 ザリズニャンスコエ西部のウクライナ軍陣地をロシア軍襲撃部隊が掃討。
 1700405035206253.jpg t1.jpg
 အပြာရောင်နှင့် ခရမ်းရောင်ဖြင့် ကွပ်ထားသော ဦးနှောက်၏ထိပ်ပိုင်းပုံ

...

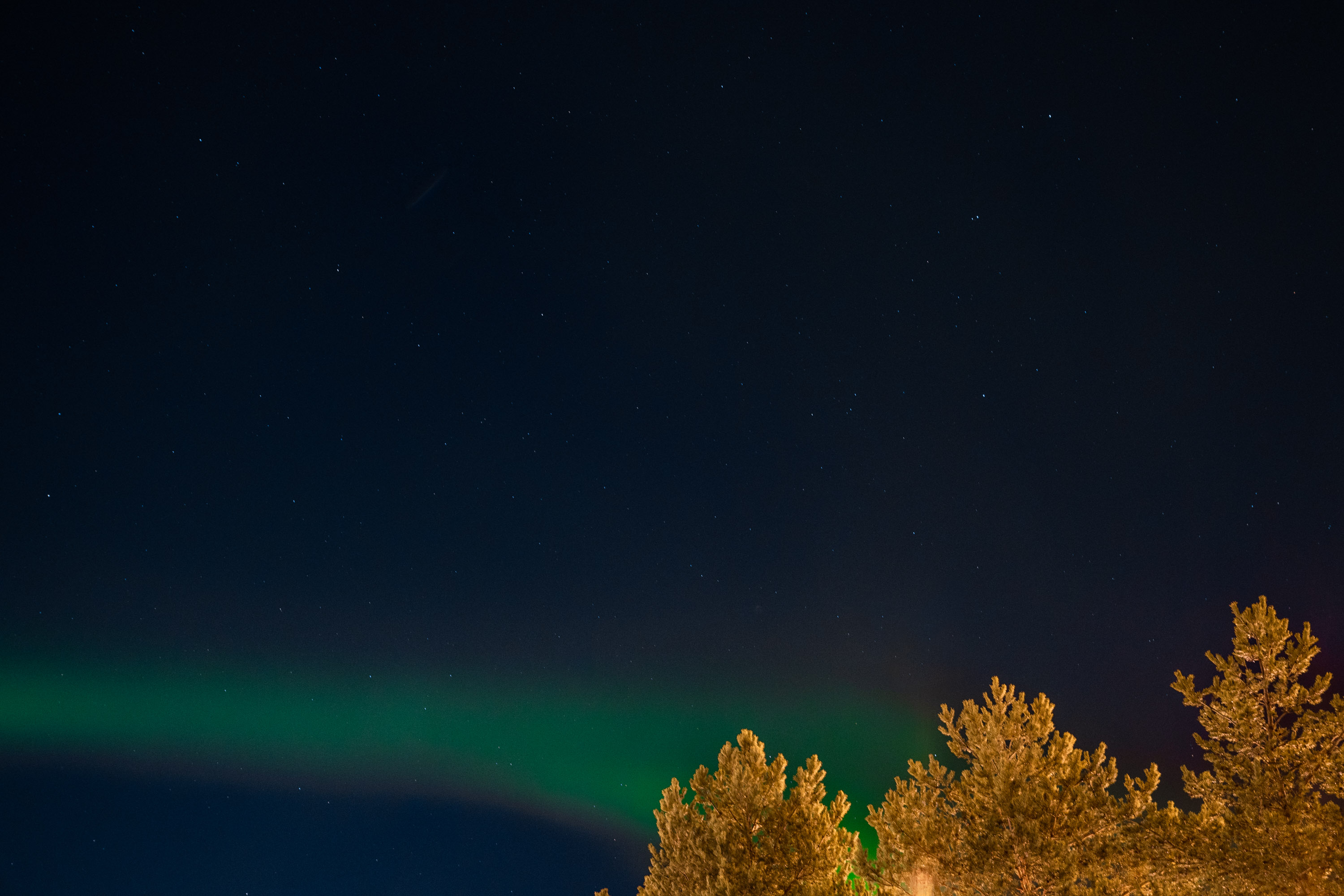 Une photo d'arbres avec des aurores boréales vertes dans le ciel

* * *

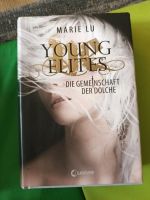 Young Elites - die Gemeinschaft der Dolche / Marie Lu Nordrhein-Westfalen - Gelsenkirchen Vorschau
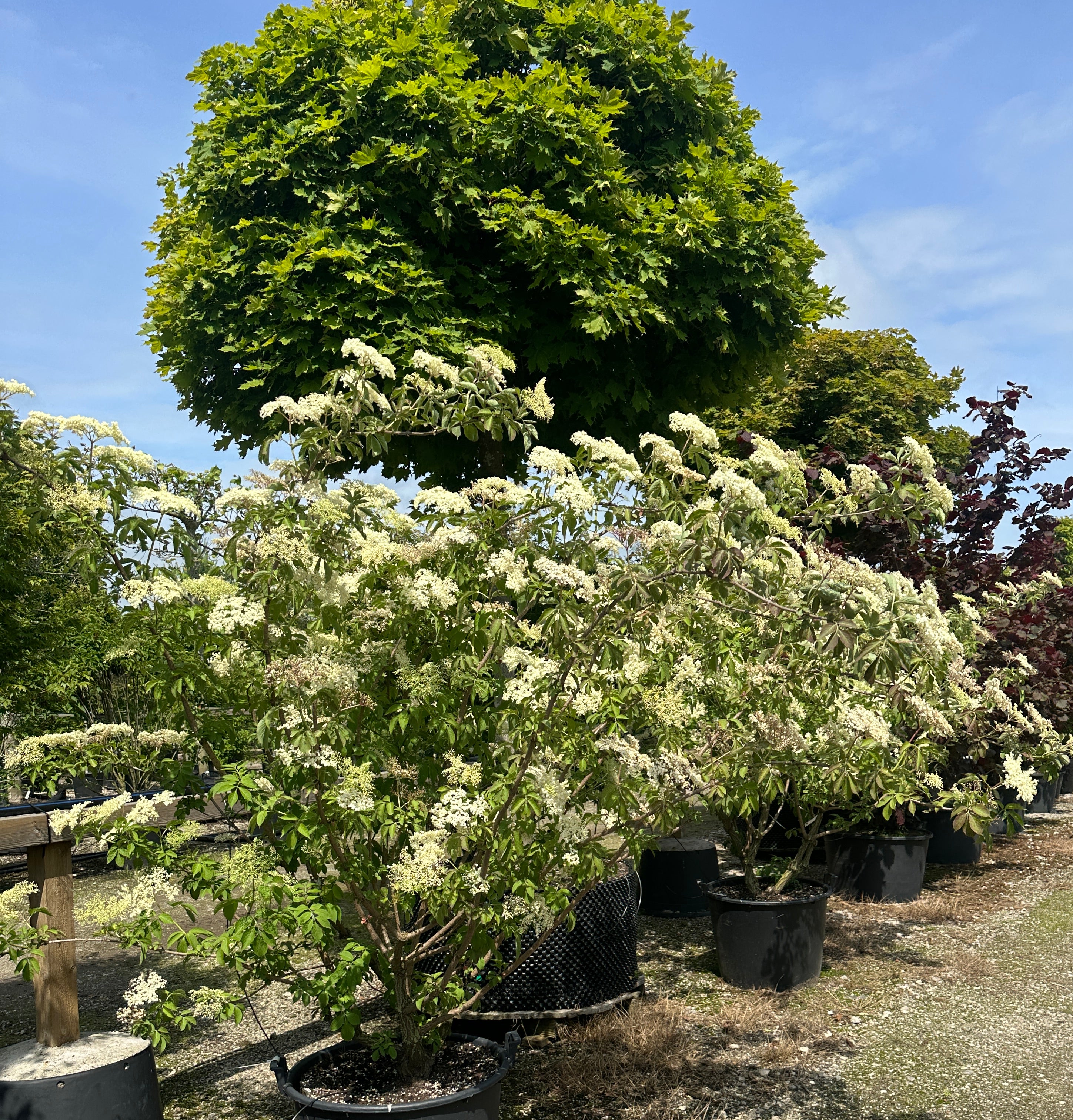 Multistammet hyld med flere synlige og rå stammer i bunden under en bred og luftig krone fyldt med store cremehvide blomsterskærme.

Required work: Taking the material above, extract exactly and only the lines from the line with "1700405035206253.jpg t1.jpg" to the line with "အပြာရောင်နှင့် ခရမ်းရောင်ဖြင့် ကွပ်ထားသော", inclusive of both.

Result for this task:
 1700405035206253.jpg t1.jpg
 အပြာရောင်နှင့် ခရမ်းရောင်ဖြင့် ကွပ်ထားသော ဦးနှောက်၏ထိပ်ပိုင်းပုံ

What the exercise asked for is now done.